When is an organic listing not an organic listing?
Last Tuesday, Google announced it was expanding its fledgling Ad Sitelinks beta to all advertisers whose ads meet a quality threshold. Ad Sitelinks, like its organic Sitelinks counterpart, enables advertisers to designate links to pages within their site to appear below their listing. In the paid version of the program, an advertiser can select up to 10 links, in order of preference, for Google to consider. Depending on the performance of the individual links and their relation to the searcher’s query, Google will show as many as four at a time (or as few as none), in the order it deems most effective.
Also noteworthy is that Ad Sitelinks are configured at the campaign level. While this integrates happily with AdWords conversion tracking, it may prove a bane to advertisers using non-Google keyword-level tracking.
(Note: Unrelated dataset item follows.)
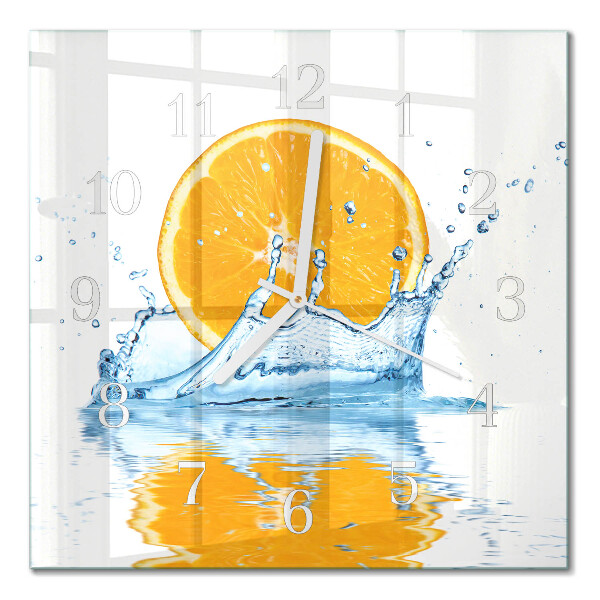 Horloge carrée en verre Eau orange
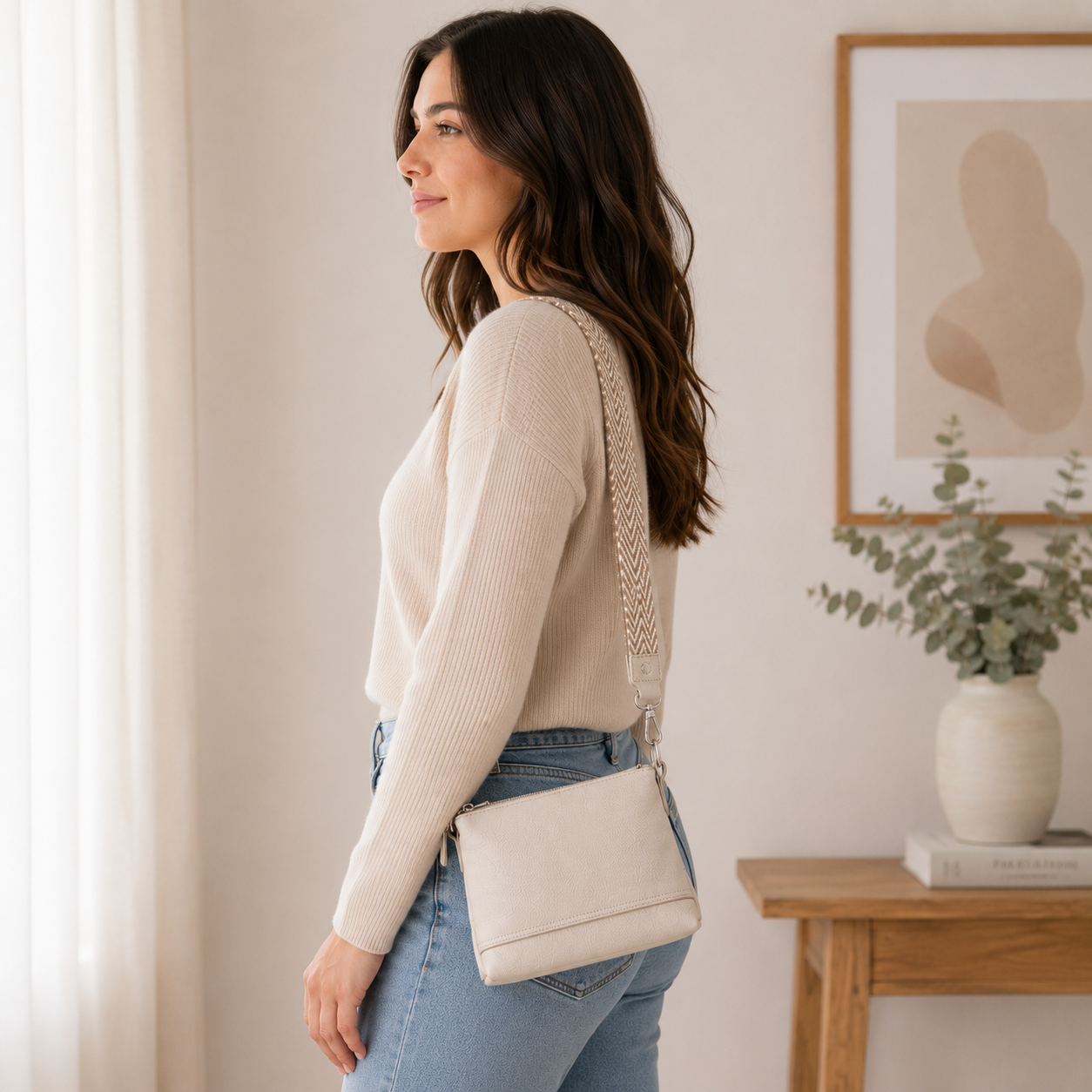 Sac à main en cuir beige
For a Sitelinks-enabled ad to be eligible for display, it must appear as the top paid listing and already have a substantially higher click-through rate than competing ads. In other words, expect ads for brand terms to be granted extra elbow room, but not ads for other keywords.
Advertisers who rely on brand keywords to generate a large number of conversions should embrace Ad Sitelinks as a way to differentiate their ads from their competitors’, as well as from affiliates, resellers, and research sites–the fortunate triumvirate Google allows to use competitor trademarks in its ad copy. In addition, Sitelinks offer a way to loosen the 95-character constriction of an AdWords ad, and to test multiple promotions and offers simultaneously.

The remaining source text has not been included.